We are also fortunate in that we don’t have non-recourse loans, loans under which the borrower is in effect provided with a put option to sell the mortgaged property to the lender for the balance owing on the loan. We are thus spared a major moral hazard in a declining market.
For years, Americans have saved too little and borrowed too much. Hooked on consumption, they have relied on foreigners to make up their savings deficiency. Now it’s caught up with them, and with those who lent to them.
In both Europe and America, banks are being bailed out left and right, the latest being the giant Citigroup. When you consider that banks are the most financially geared organizations on earth, this is hardly surprising. Even a conservative bank, with a gearing of twenty to one, only requires five percent of its loans to go bad to lose its entire capital, and some banks were geared as high as sixty to one.
Here in Australia, we are fortunate that the previous Federal Government paid off debt and built a future fund, but we shouldn’t feel too superior. The Americans were not alone in their failure to save. For years, our net savings have been low, sometimes even negative. We too relied on foreigners, not our own savings, to provide much of the finance for our houses, our industry and our commerce.
Clearly this was not sustainable. The economy was out of balance. But it worked for a time. Just as in the US, housing prices rose and the stock market boomed. We could shop until we dropped yet still be wealthier at the end of each year than at the beginning.
Now it has caught up with us and we’re all a lot less wealthy.
Older people are less wealthy because the value of their investment in superannuation has declined by up to 40%. Younger people are less wealthy because while their mortgages may be unchanged, the value of homes so financed has declined.
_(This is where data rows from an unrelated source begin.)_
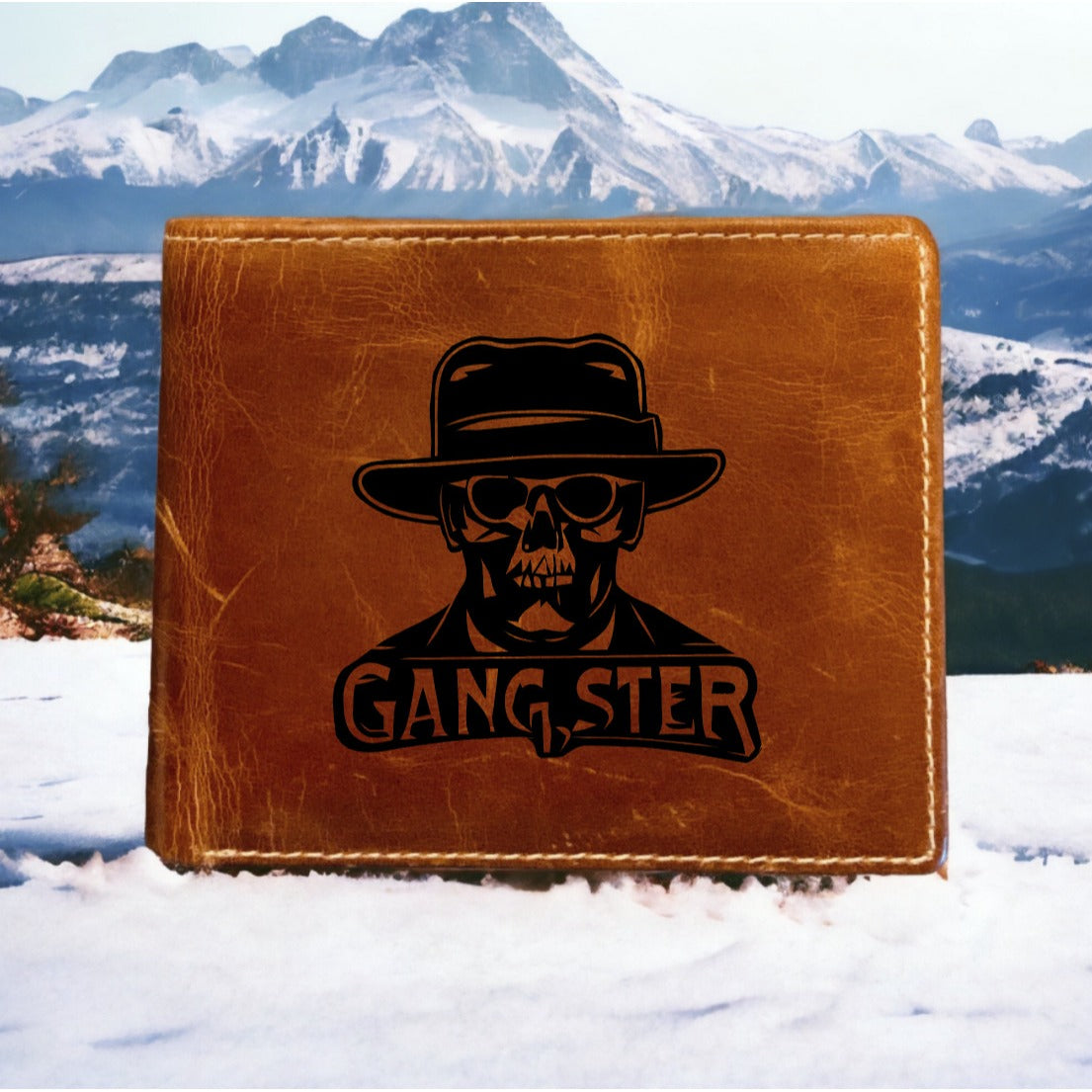 Gangster Skull Leather Wallet Bifold Premium Quality Buffalo Bones Film NEW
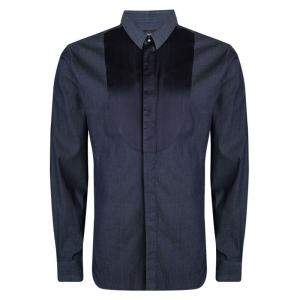 Pre Owned Emporio Armani Blue Contrast Front Yoke Button Front Long Sleeve Shirt XXL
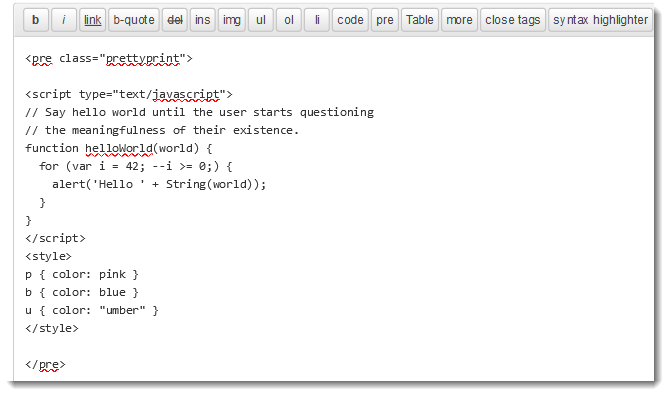 Style Your Code & Use The Pre Quicktag In WordPress To Highlight It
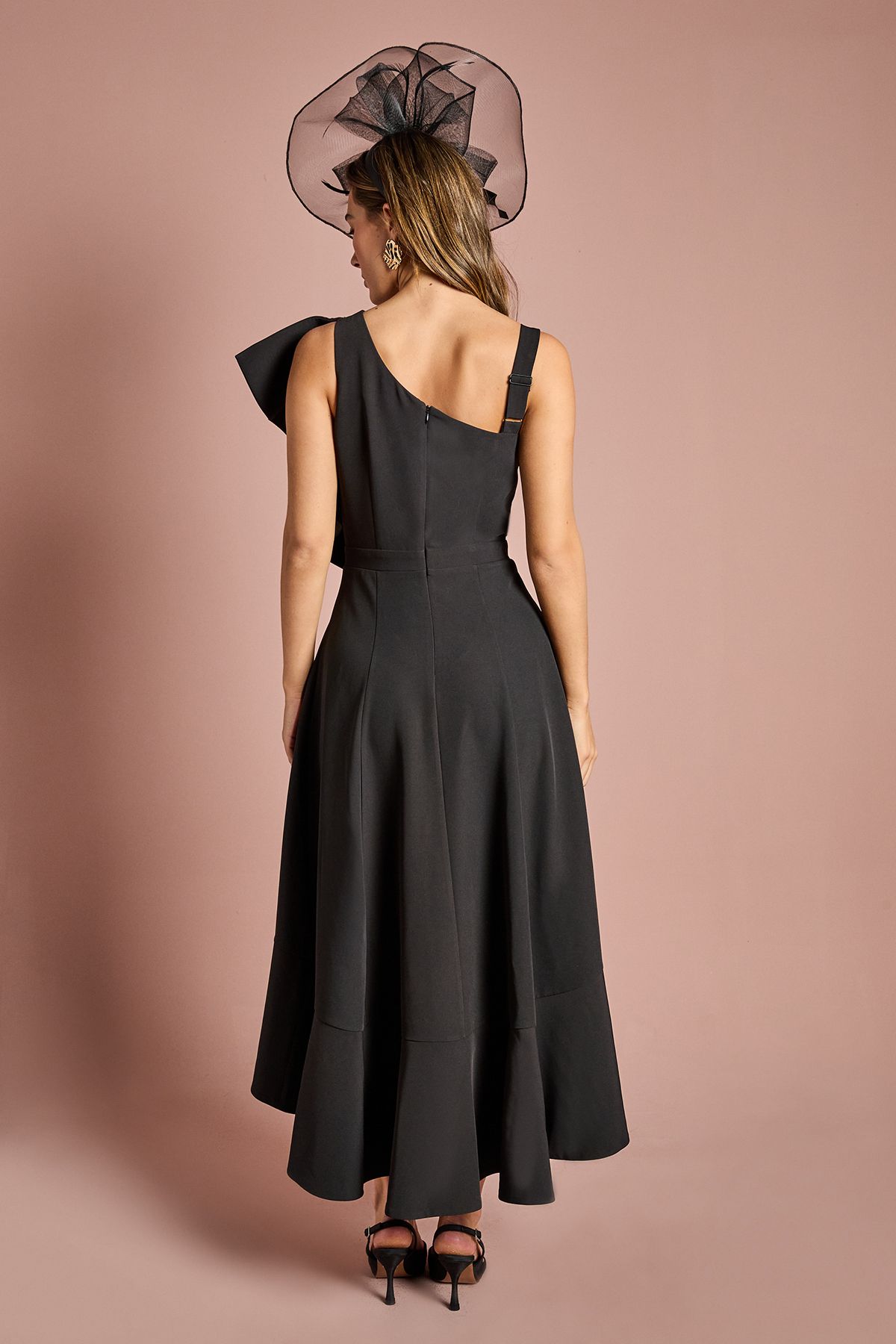 Coast One Shoulder Crepe Ruffle Midi Dress Black image 3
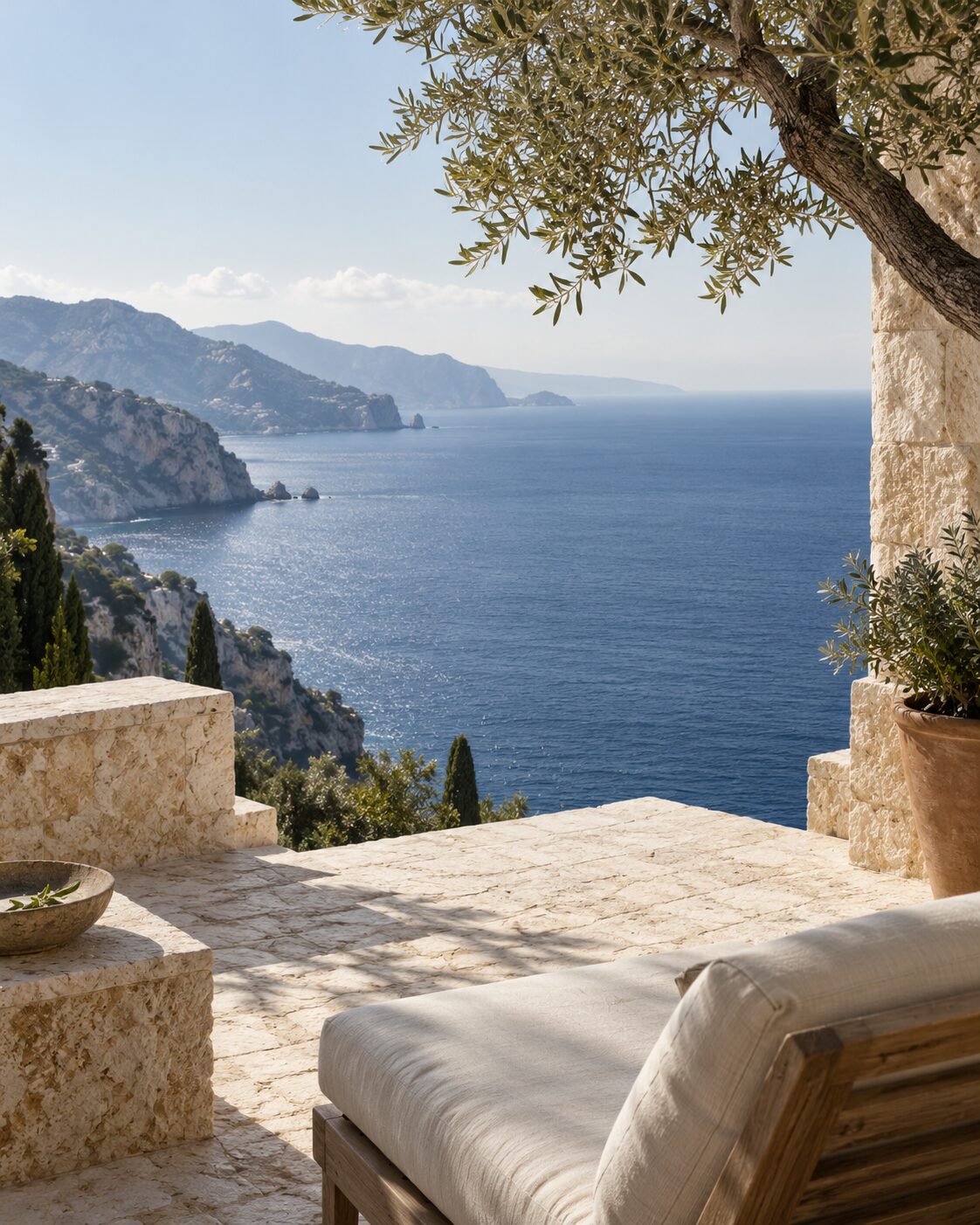A stone terrace with cushioned seating overlooking a calm Mediterranean bay and cliffs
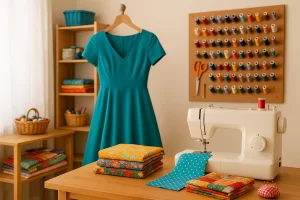 pretty dress with sewing machine and fabric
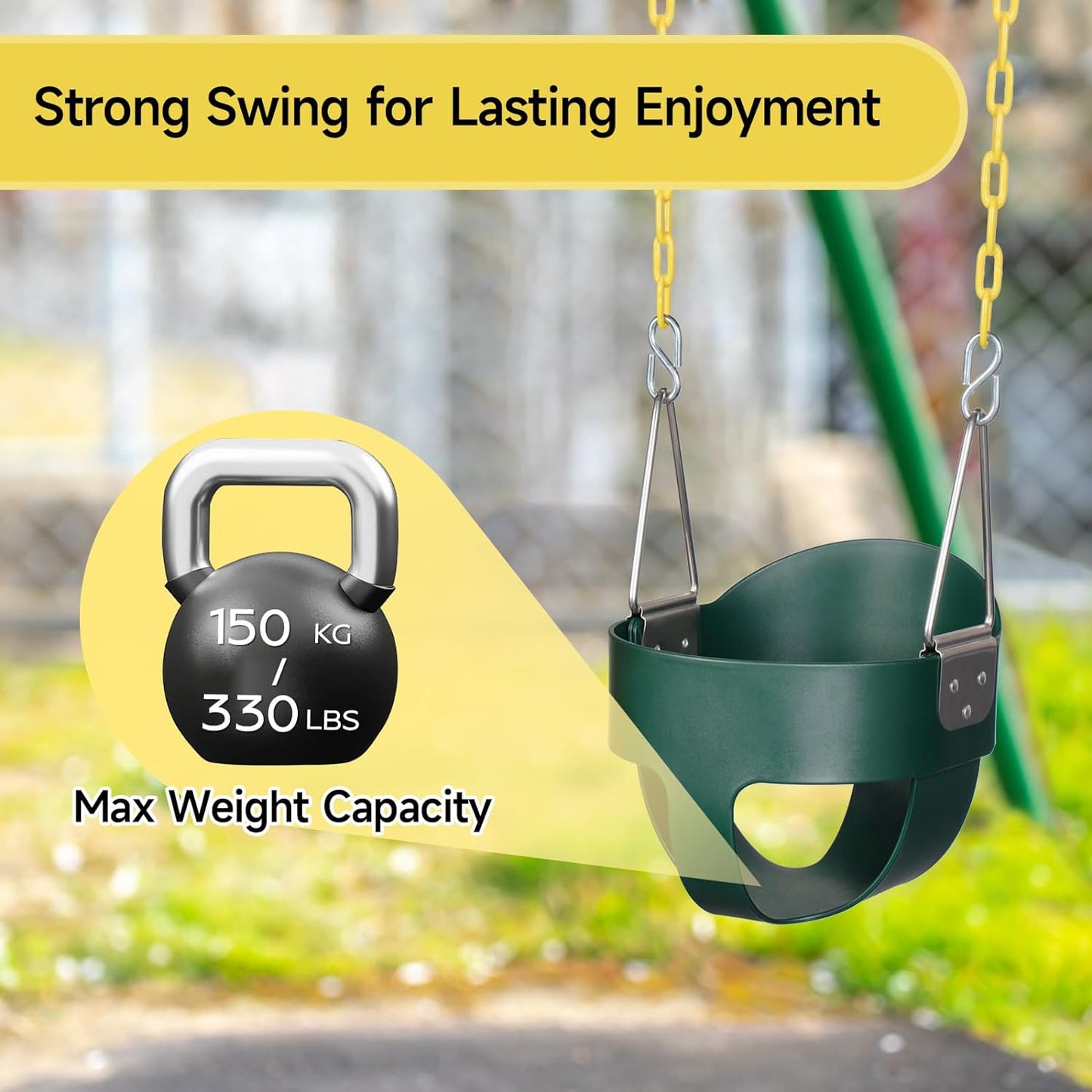 ANGGREK Assembled High Back Full Bucket Toddler Game Swing Seat Green, Game Swing, Home Swing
Business people are concerned that they may lose everything if their business income proves insufficient to service their debts.
Of course, any changes in behaviour will depend on a person’s position to start with. The very poor already don’t save much as they have little to spare, so there won’t be much change in their behaviour. Provided they are not excessively geared, the behaviour of the very rich also won’t change much. They may economise by merely buying a new Bentley Continental Flying Spur and deferring the Learjet, but this will make little overall difference – there aren’t enough of them for that.
It is those in the middle – neither poor nor rich, but many also shareholders in public companies – who will be most concerned about the loss of wealth, even though they may not yet have experienced any actual loss of income.
Just as banks in Europe and the US must now recapitalise their balance sheets, people in the middle will also feel the need to improve their own personal balance sheets. They have the flexibility to adjust their expenditure patterns and this they will now do. They will spend less on holidays and home entertainment systems and keep the old car. Overall, their consumption will decline and their savings will increase until they are once again comfortable with their financial situation. Only then will a new equilibrium be reached.
This will take time, and government actions can either help or hinder this process.
Unfortunately, the government’s approach so far is to throw money around in the hope that people will be persuaded to continue to consume. The Federal Government’s recent gift to local government is an example of this.
But this ignores the fundamental problem – the drop in personal wealth. If governments want to help, the best thing they can do is give substantial tax cuts to help speed the rectification of personal balance sheets.
Eventually recovery will occur, but given the nature and size of the imbalances throughout the world, it will probably take at least five years. It will take less time if citizens are permitted to control their own expenditure and more time if governments in effect assert that they know how to spend your money better than you do.